===== Extracted material

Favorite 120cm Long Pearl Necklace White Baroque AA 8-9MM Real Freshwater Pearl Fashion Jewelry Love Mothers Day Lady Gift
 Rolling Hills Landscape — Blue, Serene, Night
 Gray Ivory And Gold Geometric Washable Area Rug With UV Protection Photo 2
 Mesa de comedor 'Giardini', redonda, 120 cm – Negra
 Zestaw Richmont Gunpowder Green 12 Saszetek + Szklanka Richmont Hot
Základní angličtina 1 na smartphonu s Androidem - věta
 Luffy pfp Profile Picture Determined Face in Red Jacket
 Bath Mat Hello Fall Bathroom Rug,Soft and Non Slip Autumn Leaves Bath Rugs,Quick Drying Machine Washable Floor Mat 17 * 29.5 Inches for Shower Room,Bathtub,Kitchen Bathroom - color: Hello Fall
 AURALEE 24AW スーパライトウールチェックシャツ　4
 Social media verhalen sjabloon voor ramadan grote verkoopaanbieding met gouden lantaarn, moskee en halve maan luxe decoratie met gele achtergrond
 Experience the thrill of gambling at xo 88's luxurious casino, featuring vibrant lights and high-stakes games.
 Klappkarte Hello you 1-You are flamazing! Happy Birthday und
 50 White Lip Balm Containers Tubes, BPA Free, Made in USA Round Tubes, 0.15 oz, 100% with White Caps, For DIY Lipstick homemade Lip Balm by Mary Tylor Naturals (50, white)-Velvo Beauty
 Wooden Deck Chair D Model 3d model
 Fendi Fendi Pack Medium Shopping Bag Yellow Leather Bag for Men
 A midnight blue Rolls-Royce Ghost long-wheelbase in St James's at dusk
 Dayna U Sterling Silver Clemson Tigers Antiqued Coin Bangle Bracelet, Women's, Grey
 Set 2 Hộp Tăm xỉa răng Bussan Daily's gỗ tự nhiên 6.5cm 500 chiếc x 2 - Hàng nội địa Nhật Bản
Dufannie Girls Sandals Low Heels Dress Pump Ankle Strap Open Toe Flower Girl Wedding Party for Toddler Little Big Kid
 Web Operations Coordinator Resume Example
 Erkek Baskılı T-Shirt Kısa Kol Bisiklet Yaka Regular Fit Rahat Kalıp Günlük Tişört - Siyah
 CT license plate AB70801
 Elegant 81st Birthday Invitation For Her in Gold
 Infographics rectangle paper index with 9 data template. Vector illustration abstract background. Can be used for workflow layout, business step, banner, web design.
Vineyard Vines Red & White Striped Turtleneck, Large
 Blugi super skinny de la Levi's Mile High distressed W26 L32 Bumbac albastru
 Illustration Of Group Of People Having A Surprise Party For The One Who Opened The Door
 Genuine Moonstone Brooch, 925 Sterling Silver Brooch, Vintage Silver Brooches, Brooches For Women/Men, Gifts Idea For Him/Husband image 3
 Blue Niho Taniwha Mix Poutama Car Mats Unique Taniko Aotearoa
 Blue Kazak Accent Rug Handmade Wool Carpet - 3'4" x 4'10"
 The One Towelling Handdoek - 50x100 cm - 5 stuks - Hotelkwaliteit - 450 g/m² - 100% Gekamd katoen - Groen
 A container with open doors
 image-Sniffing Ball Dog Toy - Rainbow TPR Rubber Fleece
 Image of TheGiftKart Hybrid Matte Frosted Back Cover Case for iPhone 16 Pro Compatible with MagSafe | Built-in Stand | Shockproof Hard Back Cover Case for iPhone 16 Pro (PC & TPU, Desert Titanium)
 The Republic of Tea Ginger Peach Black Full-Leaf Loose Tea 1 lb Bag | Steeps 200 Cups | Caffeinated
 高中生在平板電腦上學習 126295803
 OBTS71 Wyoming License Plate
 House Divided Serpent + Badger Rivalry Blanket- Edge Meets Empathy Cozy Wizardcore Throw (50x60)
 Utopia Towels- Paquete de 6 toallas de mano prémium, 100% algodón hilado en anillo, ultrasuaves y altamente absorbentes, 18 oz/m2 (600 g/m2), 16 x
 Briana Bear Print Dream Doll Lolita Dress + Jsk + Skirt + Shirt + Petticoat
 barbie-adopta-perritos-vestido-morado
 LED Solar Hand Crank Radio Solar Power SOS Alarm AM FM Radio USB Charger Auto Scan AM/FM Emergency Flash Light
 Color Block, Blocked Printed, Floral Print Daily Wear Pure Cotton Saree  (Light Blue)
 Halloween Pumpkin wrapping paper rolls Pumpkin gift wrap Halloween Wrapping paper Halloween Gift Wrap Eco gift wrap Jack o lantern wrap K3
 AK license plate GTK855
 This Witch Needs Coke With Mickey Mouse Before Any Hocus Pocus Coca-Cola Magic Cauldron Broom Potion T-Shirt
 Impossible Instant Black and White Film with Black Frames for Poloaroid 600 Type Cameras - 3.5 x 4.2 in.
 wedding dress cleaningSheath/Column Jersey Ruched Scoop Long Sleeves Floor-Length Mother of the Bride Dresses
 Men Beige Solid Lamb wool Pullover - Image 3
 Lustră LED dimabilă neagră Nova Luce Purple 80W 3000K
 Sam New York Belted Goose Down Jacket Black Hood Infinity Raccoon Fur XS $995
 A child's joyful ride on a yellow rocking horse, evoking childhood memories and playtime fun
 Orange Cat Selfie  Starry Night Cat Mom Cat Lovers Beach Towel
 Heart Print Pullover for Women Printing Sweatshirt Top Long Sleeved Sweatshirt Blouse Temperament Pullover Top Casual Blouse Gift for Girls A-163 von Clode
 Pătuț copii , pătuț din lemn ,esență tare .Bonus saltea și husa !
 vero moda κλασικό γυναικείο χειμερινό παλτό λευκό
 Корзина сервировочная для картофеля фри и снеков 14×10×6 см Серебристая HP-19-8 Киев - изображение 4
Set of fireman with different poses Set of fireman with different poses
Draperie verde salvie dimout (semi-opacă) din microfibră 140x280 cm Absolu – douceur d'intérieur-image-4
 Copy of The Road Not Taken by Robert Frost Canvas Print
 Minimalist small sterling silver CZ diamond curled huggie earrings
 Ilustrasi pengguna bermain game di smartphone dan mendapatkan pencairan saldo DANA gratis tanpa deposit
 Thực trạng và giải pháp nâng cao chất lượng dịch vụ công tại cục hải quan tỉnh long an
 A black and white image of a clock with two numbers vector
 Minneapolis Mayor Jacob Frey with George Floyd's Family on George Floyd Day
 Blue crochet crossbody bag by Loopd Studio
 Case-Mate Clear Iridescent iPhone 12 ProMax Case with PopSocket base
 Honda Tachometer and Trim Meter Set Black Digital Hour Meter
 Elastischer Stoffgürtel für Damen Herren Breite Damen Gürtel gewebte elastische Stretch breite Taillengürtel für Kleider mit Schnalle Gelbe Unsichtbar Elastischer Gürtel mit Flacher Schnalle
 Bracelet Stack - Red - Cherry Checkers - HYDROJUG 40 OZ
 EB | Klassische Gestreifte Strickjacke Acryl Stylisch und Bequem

==========

### [To do]
None of the records may be omitted; each is to be printed exactly.

### [Result for this exercise]
Favorite 120cm Long Pearl Necklace White Baroque AA 8-9MM Real Freshwater Pearl Fashion Jewelry Love Mothers Day Lady Gift
 Rolling Hills Landscape — Blue, Serene, Night
 Gray Ivory And Gold Geometric Washable Area Rug With UV Protection Photo 2
 Mesa de comedor 'Giardini', redonda, 120 cm – Negra
 Zestaw Richmont Gunpowder Green 12 Saszetek + Szklanka Richmont Hot
Základní angličtina 1 na smartphonu s Androidem - věta
 Luffy pfp Profile Picture Determined Face in Red Jacket
 Bath Mat Hello Fall Bathroom Rug,Soft and Non Slip Autumn Leaves Bath Rugs,Quick Drying Machine Washable Floor Mat 17 * 29.5 Inches for Shower Room,Bathtub,Kitchen Bathroom - color: Hello Fall
 AURALEE 24AW スーパライトウールチェックシャツ　4
 Social media verhalen sjabloon voor ramadan grote verkoopaanbieding met gouden lantaarn, moskee en halve maan luxe decoratie met gele achtergrond
 Experience the thrill of gambling at xo 88's luxurious casino, featuring vibrant lights and high-stakes games.
 Klappkarte Hello you 1-You are flamazing! Happy Birthday und
 50 White Lip Balm Containers Tubes, BPA Free, Made in USA Round Tubes, 0.15 oz, 100% with White Caps, For DIY Lipstick homemade Lip Balm by Mary Tylor Naturals (50, white)-Velvo Beauty
 Wooden Deck Chair D Model 3d model
 Fendi Fendi Pack Medium Shopping Bag Yellow Leather Bag for Men
 A midnight blue Rolls-Royce Ghost long-wheelbase in St James's at dusk
 Dayna U Sterling Silver Clemson Tigers Antiqued Coin Bangle Bracelet, Women's, Grey
 Set 2 Hộp Tăm xỉa răng Bussan Daily's gỗ tự nhiên 6.5cm 500 chiếc x 2 - Hàng nội địa Nhật Bản
Dufannie Girls Sandals Low Heels Dress Pump Ankle Strap Open Toe Flower Girl Wedding Party for Toddler Little Big Kid
 Web Operations Coordinator Resume Example
 Erkek Baskılı T-Shirt Kısa Kol Bisiklet Yaka Regular Fit Rahat Kalıp Günlük Tişört - Siyah
 CT license plate AB70801
 Elegant 81st Birthday Invitation For Her in Gold
 Infographics rectangle paper index with 9 data template. Vector illustration abstract background. Can be used for workflow layout, business step, banner, web design.
Vineyard Vines Red & White Striped Turtleneck, Large
 Blugi super skinny de la Levi's Mile High distressed W26 L32 Bumbac albastru
 Illustration Of Group Of People Having A Surprise Party For The One Who Opened The Door
 Genuine Moonstone Brooch, 925 Sterling Silver Brooch, Vintage Silver Brooches, Brooches For Women/Men, Gifts Idea For Him/Husband image 3
 Blue Niho Taniwha Mix Poutama Car Mats Unique Taniko Aotearoa
 Blue Kazak Accent Rug Handmade Wool Carpet - 3'4" x 4'10"
 The One Towelling Handdoek - 50x100 cm - 5 stuks - Hotelkwaliteit - 450 g/m² - 100% Gekamd katoen - Groen
 A container with open doors
 image-Sniffing Ball Dog Toy - Rainbow TPR Rubber Fleece
 Image of TheGiftKart Hybrid Matte Frosted Back Cover Case for iPhone 16 Pro Compatible with MagSafe | Built-in Stand | Shockproof Hard Back Cover Case for iPhone 16 Pro (PC & TPU, Desert Titanium)
 The Republic of Tea Ginger Peach Black Full-Leaf Loose Tea 1 lb Bag | Steeps 200 Cups | Caffeinated
 高中生在平板電腦上學習 126295803
 OBTS71 Wyoming License Plate
 House Divided Serpent + Badger Rivalry Blanket- Edge Meets Empathy Cozy Wizardcore Throw (50x60)
 Utopia Towels- Paquete de 6 toallas de mano prémium, 100% algodón hilado en anillo, ultrasuaves y altamente absorbentes, 18 oz/m2 (600 g/m2), 16 x
 Briana Bear Print Dream Doll Lolita Dress + Jsk + Skirt + Shirt + Petticoat
 barbie-adopta-perritos-vestido-morado
 LED Solar Hand Crank Radio Solar Power SOS Alarm AM FM Radio USB Charger Auto Scan AM/FM Emergency Flash Light
 Color Block, Blocked Printed, Floral Print Daily Wear Pure Cotton Saree  (Light Blue)
 Halloween Pumpkin wrapping paper rolls Pumpkin gift wrap Halloween Wrapping paper Halloween Gift Wrap Eco gift wrap Jack o lantern wrap K3
 AK license plate GTK855
 This Witch Needs Coke With Mickey Mouse Before Any Hocus Pocus Coca-Cola Magic Cauldron Broom Potion T-Shirt
 Impossible Instant Black and White Film with Black Frames for Poloaroid 600 Type Cameras - 3.5 x 4.2 in.
 wedding dress cleaningSheath/Column Jersey Ruched Scoop Long Sleeves Floor-Length Mother of the Bride Dresses
 Men Beige Solid Lamb wool Pullover - Image 3
 Lustră LED dimabilă neagră Nova Luce Purple 80W 3000K
 Sam New York Belted Goose Down Jacket Black Hood Infinity Raccoon Fur XS $995
 A child's joyful ride on a yellow rocking horse, evoking childhood memories and playtime fun
 Orange Cat Selfie  Starry Night Cat Mom Cat Lovers Beach Towel
 Heart Print Pullover for Women Printing Sweatshirt Top Long Sleeved Sweatshirt Blouse Temperament Pullover Top Casual Blouse Gift for Girls A-163 von Clode
 Pătuț copii , pătuț din lemn ,esență tare .Bonus saltea și husa !
 vero moda κλασικό γυναικείο χειμερινό παλτό λευκό
 Корзина сервировочная для картофеля фри и снеков 14×10×6 см Серебристая HP-19-8 Киев - изображение 4
Set of fireman with different poses Set of fireman with different poses
Draperie verde salvie dimout (semi-opacă) din microfibră 140x280 cm Absolu – douceur d'intérieur-image-4
 Copy of The Road Not Taken by Robert Frost Canvas Print
 Minimalist small sterling silver CZ diamond curled huggie earrings
 Ilustrasi pengguna bermain game di smartphone dan mendapatkan pencairan saldo DANA gratis tanpa deposit
 Thực trạng và giải pháp nâng cao chất lượng dịch vụ công tại cục hải quan tỉnh long an
 A black and white image of a clock with two numbers vector
 Minneapolis Mayor Jacob Frey with George Floyd's Family on George Floyd Day
 Blue crochet crossbody bag by Loopd Studio
 Case-Mate Clear Iridescent iPhone 12 ProMax Case with PopSocket base
 Honda Tachometer and Trim Meter Set Black Digital Hour Meter
 Elastischer Stoffgürtel für Damen Herren Breite Damen Gürtel gewebte elastische Stretch breite Taillengürtel für Kleider mit Schnalle Gelbe Unsichtbar Elastischer Gürtel mit Flacher Schnalle
 Bracelet Stack - Red - Cherry Checkers - HYDROJUG 40 OZ
 EB | Klassische Gestreifte Strickjacke Acryl Stylisch und Bequem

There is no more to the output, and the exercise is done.